Initial Data Population


       
/*  -----------------------------------------------------------
        Populate the table
        # Rows:  86400
        ----------------------------------------------------------- */
       
  set nocount on
  declare @dtProcessDate datetime, @dtEndDate datetime, @intCounter int
         ,@intprocessDate int , @strFullTimeAltKey char(6),@intHour tinyint
         ,@intMinute tinyint, @intSecond tinyint
 
  set @dtprocessDate =  dateadd(dd, datediff(dd,0,getdate()),0); 
  set           @intCounter = 0
  select @dtEndDate = dateadd(dd,1,@dtProcessDate)
  select @dtprocessDate as 'process date', @dtEndDate as 'end date'
 
 while @dtProcessDate < @dtEndDate and @intCounter < 100000
   begin
   --print '------------------------------------------------------------'
   -- debug select @intCounter as 'Counter', @dtprocessDate as 'process date', @dtEndDate as 'end date'
 
   -- time parts, w/ explicit conversion from int to tinyint
 select  @intHour     = cast(datepart(hh, @dtProcessDate)  as tinyint)
         ,@intMinute       = cast(datepart(mi, @dtProcessDate)  as tinyint)
         ,@intSecond       = cast(datepart(ss, @dtProcessDate)  as tinyint)
 
  select @strFullTimeAltKey =  
            right( '00' + cast(@intHour   as varchar),2)
          + right( '00' + cast(@intMinute as varchar),2)
          + right( '00' + cast(@intSecond as varchar),2)
 
  select @intprocessDate = cast(@strFullTimeAltKey as int)
 
 -- populate table
 
  insert into dbo.dimTimeOfDay(timeOfDayKey,fullTimeAltKey,hour, minute, second )
  values ( @intprocessDate, @strFullTimeAltKey, @intHour, @intMinute, @intSecond )
   
  -- bump date
  select @dtProcessDate = dateadd(second,1,@dtProcessDate)
  select @intCounter = @intCounter + 1
 
  end

       
 



Possible Enhancements


For presentation purposes, we need something better than these five values.
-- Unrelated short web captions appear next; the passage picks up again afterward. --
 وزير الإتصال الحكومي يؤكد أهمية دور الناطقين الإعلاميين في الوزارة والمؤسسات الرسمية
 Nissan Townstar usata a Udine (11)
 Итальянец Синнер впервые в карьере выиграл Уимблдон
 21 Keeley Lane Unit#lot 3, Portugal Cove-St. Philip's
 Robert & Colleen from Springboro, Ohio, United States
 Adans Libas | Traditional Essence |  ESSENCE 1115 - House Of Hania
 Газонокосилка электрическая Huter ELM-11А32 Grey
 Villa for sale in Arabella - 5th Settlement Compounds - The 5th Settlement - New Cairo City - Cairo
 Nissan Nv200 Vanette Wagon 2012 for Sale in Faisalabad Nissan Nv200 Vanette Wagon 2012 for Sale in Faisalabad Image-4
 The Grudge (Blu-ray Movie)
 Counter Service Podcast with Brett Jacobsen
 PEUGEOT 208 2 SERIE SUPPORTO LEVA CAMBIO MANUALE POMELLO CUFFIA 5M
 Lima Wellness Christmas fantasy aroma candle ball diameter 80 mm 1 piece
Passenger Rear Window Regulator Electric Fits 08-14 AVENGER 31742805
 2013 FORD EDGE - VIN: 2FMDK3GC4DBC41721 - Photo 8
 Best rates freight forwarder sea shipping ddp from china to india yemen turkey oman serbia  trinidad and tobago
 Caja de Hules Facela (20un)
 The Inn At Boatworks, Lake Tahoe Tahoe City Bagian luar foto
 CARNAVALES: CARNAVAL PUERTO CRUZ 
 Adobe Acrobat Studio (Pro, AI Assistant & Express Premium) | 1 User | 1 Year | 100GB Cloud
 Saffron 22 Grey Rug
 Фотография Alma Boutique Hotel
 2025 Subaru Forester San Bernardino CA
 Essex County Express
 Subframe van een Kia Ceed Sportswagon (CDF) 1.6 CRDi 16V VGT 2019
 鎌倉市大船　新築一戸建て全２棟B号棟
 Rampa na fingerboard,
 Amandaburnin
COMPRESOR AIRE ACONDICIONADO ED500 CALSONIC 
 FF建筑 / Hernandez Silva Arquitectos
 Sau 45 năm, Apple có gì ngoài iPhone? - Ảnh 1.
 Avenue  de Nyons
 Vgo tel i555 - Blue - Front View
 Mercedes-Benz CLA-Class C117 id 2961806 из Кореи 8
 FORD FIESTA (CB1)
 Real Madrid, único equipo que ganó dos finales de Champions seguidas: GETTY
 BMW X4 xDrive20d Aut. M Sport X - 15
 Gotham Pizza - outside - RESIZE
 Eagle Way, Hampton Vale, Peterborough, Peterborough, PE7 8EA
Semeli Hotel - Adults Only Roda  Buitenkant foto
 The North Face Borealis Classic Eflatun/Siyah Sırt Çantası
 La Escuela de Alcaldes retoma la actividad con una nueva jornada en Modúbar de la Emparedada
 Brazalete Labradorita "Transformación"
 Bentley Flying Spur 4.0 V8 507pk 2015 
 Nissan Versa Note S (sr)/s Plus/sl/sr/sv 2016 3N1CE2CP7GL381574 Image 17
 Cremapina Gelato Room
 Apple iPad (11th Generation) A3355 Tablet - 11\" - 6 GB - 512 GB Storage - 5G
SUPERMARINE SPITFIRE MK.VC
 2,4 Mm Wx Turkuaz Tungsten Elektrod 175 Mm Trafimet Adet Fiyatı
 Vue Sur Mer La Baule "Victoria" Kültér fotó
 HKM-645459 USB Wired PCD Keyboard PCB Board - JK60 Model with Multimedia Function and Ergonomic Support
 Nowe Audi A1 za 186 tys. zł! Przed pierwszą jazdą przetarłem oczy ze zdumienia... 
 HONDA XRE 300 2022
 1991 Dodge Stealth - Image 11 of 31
For this post, we have listed out six enhancements. Pick and choose as needed, or add your own.

Presentation Enhancements to the Data Dictionary


Column
Definition
TimeOfDayNameFullMil
00:00:00;  military format, time presentation, including seconds
TimeOfDayNameShtMil
00:00;  military format, time presentation, hour and minute only
TimeOfDayNameFullStd
12:00:00 am/pm;  standard format, time presentation, including seconds
TimeOfDayNameShtStd
12:00 am/pm;  standard format, time presentation, hour and minute only
HourNameStd
12 am/pm; hour only name
MinuteName
00:00 minute with seconds


Table Alter to add Enhancements


       

  alter table dimTimeOfDay
  add TimeOfDayNameFullMil char(8)
  
  alter table dimTimeOfDay
  add TimeOfDayNameShtMil char(5)
  
  alter table dimTimeOfDay
  add TimeOfDayNameFullStd char(11)
  
  alter table dimTimeOfDay
  add TimeOfDayNameShtStd char(8)
  
  alter table dimTimeOfDay
  add HourNameStd char(5)
  
  alter table dimTimeOfDay
  add MinuteName char(5)


       
 


Populate Enhanced columns


       

update dbo.dimTimeOfDay
set

 TimeOfDayNameFullMil = right('00' + cast(hour as varchar),2) + ':' + right('00'    + cast(minute as varchar),2) + ':' +right( '00' + cast(second as varchar),2)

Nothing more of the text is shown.